L'artiste a d'abord été inspirée par les pavages labyrinthiques des cathédrales de Chartres, d'Amiens ou encore de Cologne, en Allemagne, tant pour leur dimension formelle, géométrique et bi-chromique que pour ce que symbolise ce type de dédale : la lutte pour élucider le monde, pour cheminer vers son salut malgré les tourments de la vie et la tentative, en architecturant l'espace, d'ordonner le chaos.

Se dessine alors l'idée du « Jeu de l'oie », également utilisé dans les thérapies systémiques pour replacer un événement traumatique dans la temporalité d'une histoire. Métaphore du « chemin de la vie » par excellence, il met en balance, à la différence du labyrinthe impliquant une forme de rationalité voire de nécessité, la part de hasard pur dans ce parcours initiatique, qui est aussi un voyage intérieur.

Vraisemblablement né en Italie à l'orée du XVIIème siècle et composé de 63 cases enroulées en une spirale intérieure ponctuée d’oies, animal symboliquement annonciateur du danger, le jeu de l'oie a pour but de parvenir, entre embûches et coups du sort, au « Paradis ».

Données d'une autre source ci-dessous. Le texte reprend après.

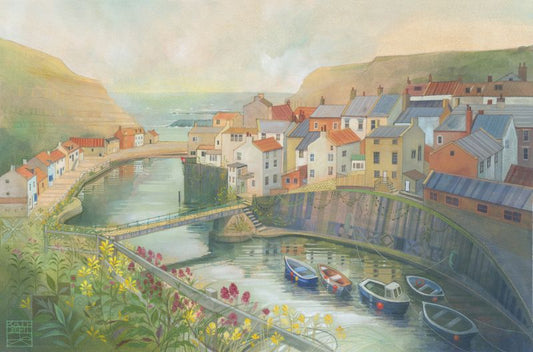 Kate Lycett - Safe Harbour - Staithes - Hand finished print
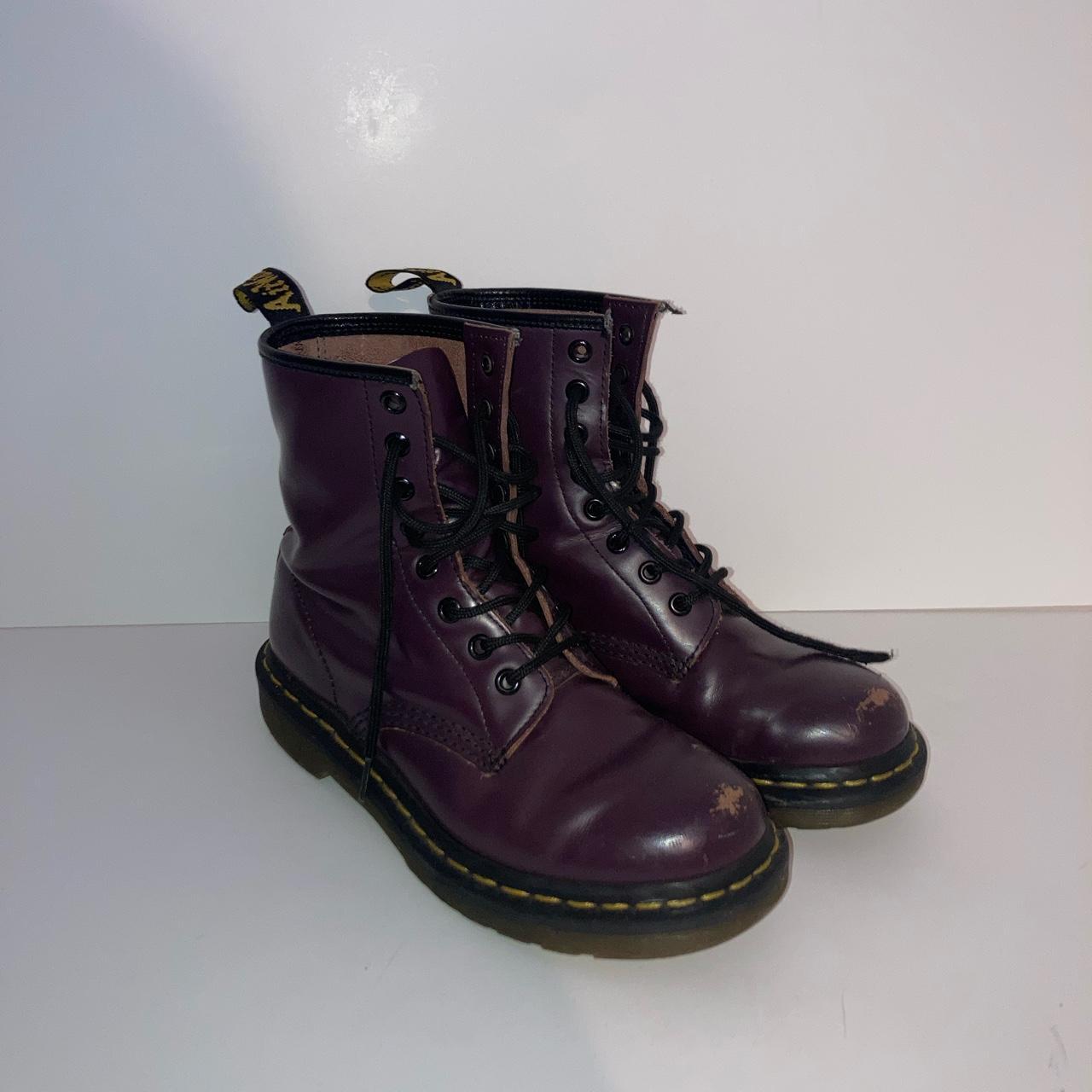 Dr. Martens Women's Burgundy and Black Boots | Depop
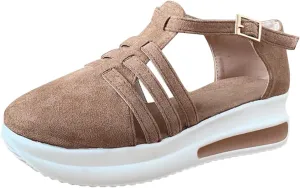 Platform Sandals Women Comfortable Wide Width Closed Toe Beach Slides Ankle Strap Wedges Flat Buckle up Walking Slip On Shoes Dressy Summer Dressy Sneakers 2025 Spring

Jeu de la destinée, de la « fortune » et du « bon heur », au sens premier de ces termes, l'audacieux jeu de l'oie de Mai Tabakian réinterprète dans son langage plastique chacune des 63 stations. Depuis les cases d'épreuve (Le pont-levis (case 6), l’hôtellerie (case 19), le puits (case 31), le labyrinthe (case 42), la prison (case 52) et la mort (case 58) jusqu'aux cases « oie » qui reprennent des motifs traditionnels (vols d'oies, couronnes de plumes), toutes sont traitées avec beaucoup de recherche, dans une alternance de formes géométriques abstraites, de formes végétales ou de motifs de « quilt » anglo-saxon.

Les visiteurs peuvent, aidés du document mis à leur disposition, parcourir ce jeu de l'oie extraordinaire et tenter avec lui de raconter une histoire.

« Les gardiens »

 

Suspendues dans la nef, seize sphères, seize « pupilles » imposantes semblent nous regarder...

Mai Tabakian les a baptisé « Gardiens », et l'interprétation très polysémique de cet ensemble d'œuvres relève d'un foisonnement de références possibles, ésotériques et esthétiques.

Les « Gardiens » nous guident-ils, nous protègent-ils, à la manière de l'Œil Oudjat de l'Egypte antique ? A moins qu'ils ne nous surveillent, à l'instar de l'Œil de la Providence ou ne soient menaçants, comme le Rôdeur du « Prisonnier »...

Ou peut-être s'agit-il de l'incarnation de l'œil omniscient de quelque divinité ?

Fascinants, étranges, inquiétants, ces « Gardiens » oscillent entre science-fiction et allégorie, d'une sorte de Big Brother orwellien à l'œil de HAL9000 dans « 2001: A Space Odyssey » de Kubrick, de l'art optique de Vasarely à l'esthétique rétro-futuriste qui, dans les années 70, explorait l'imagerie d'un futur qui n'existera jamais.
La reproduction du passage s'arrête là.